##### Material provided #####

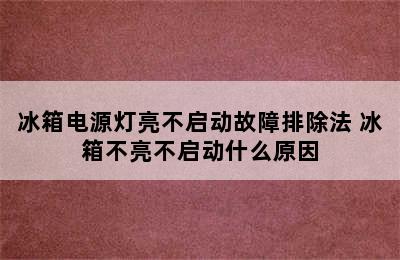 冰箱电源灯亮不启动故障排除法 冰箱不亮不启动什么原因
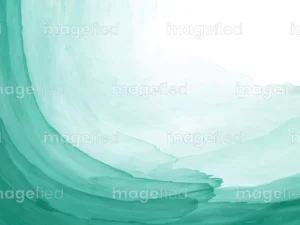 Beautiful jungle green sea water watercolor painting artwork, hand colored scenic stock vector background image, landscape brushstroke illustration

#####
##### Material provided #####

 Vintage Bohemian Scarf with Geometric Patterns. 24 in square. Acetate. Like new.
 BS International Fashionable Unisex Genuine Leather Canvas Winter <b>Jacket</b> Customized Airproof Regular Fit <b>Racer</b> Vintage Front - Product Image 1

#####

In the listing above, find the line with "冰箱电源灯亮不启动故障排除法 冰箱不亮不启动什么原因" and the line with "Beautiful jungle green". Set down both and every line between them, minus the pictures.

 冰箱电源灯亮不启动故障排除法 冰箱不亮不启动什么原因
 Beautiful jungle green sea water watercolor painting artwork, hand colored scenic stock vector background image, landscape brushstroke illustration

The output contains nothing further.